Da due anni gli istituti europei sono pressati da Francoforte per ridurre gli attivi nel Paese guidato da Vladimir Putin, proprio per dare un segnale di ostilità nei confronti dell'invasore dell'Ucraina. Unicredit, tuttavia, con 56 filiali alla fine del 2023 e un personale a tempo pieno di circa 3.150 persone, ha eseguito un progressivo derisking senza abbandonare sic et simpliciter Mosca e dintorni.

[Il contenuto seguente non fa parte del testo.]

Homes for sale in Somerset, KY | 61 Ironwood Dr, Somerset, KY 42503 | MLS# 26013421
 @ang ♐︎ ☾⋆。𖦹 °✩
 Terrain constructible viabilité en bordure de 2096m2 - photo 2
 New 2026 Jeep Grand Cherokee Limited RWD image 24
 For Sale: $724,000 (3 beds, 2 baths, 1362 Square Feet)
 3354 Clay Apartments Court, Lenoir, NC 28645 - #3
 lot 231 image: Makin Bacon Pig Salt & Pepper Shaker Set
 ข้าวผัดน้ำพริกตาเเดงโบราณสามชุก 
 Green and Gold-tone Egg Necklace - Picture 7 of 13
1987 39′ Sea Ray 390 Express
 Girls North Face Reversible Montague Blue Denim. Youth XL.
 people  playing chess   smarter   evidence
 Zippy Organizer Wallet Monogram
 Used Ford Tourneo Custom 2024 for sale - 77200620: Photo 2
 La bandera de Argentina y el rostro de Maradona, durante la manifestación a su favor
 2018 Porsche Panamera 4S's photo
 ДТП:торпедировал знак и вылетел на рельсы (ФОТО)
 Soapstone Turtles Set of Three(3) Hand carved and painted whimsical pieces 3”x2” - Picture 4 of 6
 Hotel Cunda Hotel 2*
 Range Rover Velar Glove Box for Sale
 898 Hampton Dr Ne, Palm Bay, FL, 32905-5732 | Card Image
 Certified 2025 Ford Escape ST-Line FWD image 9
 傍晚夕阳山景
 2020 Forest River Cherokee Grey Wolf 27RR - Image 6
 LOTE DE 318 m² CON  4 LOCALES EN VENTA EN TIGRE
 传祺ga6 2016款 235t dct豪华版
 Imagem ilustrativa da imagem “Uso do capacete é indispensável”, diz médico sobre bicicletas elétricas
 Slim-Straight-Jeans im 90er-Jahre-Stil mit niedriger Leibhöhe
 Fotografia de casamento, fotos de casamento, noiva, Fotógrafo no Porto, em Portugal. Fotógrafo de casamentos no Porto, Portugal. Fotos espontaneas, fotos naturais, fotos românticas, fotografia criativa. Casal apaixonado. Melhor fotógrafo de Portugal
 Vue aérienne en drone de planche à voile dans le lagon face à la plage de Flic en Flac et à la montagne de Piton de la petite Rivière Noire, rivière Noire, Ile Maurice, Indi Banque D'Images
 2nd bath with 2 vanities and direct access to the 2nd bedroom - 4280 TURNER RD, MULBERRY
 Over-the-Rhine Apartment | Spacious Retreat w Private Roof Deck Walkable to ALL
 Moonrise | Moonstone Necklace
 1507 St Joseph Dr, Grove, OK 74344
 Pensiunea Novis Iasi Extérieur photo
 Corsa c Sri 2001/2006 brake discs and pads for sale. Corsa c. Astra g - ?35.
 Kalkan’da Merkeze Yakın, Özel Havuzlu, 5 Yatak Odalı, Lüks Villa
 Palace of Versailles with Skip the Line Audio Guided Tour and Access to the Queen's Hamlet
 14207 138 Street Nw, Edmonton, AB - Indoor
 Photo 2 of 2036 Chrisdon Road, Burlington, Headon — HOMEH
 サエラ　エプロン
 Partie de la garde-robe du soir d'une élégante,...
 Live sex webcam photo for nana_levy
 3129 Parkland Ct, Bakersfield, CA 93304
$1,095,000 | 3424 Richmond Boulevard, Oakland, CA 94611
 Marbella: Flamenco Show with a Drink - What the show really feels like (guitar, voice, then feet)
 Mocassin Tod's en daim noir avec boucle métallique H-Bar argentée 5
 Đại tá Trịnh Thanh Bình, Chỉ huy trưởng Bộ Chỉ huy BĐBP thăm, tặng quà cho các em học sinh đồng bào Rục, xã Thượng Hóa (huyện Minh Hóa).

Alla metà di giugno la Bce ha scritto a tutti gli istituti europei ancora operanti in Russia affinché accelerassero l'uscita. Piazza Gae Aulenti, dal canto suo, ha reso noto di aver ridotto del 91% (5,6 miliardi) l'esposizione transfrontaliera e, come ha detto Orcel, «in 15-18 mesi l'esposizione sarà azzerata». Di qui la decisione di rivolgersi alla Corte di Giustizia Ue per avere una timeline certa che eviti il rischio di pesanti sanzioni (il management locale, inoltre, potrebbe rischiare penalmente; ndr) che potrebbero avere effetti sul conto economico.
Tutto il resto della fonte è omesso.